Artificial Intelligence is commonly used today; from using Siri’s voice detection to Tesla’s self-driving ability. The development of intelligence machines that are created to think and work like humans is ever-evolving, but not without apparent errors. These errors include bias, racism, and sexism as a few examples. These ideas will be explored in more detail in this discussion post.
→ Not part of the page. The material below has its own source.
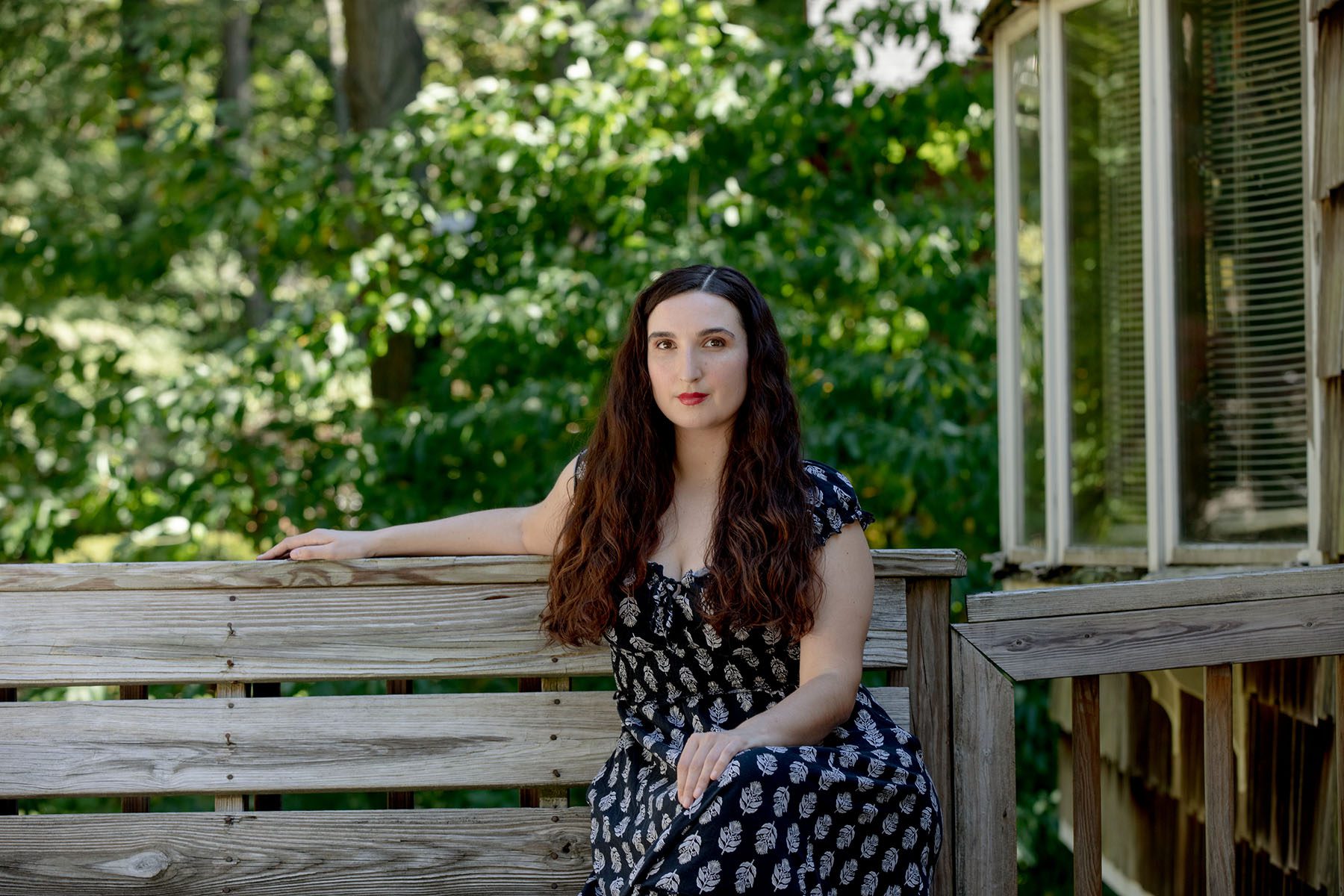Sarah Anne Mass poses for a portrait while sitting on an old wooden bench on a deck.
Joy Buolamwini was moved to write an article on her experience with face recognition when she found that there was a bias in the software. She is a dark-skinned woman and found that some face recognition softwares would not recognize her face unless she put on a white mask. This sparked her interest to look into the algorithms used to create face recognition softwares which she found were predominantly trained with and created best for light-skinned males (Boulamwini, 2019).

Not very long ago, Amazon created a version of Artificial Intelligence to allow people to submit their resume’s to be hired on to Amazon. Amazon’s AI algorithm was created to separate the most suitable resumes and the incompatible resumes. This algorithm ran into a large issue when they found that the people who were selected all had very similar characteristics in the fact that almost none were women candidates because the version of AI Amazon had created and trained didn’t include many women characteristics.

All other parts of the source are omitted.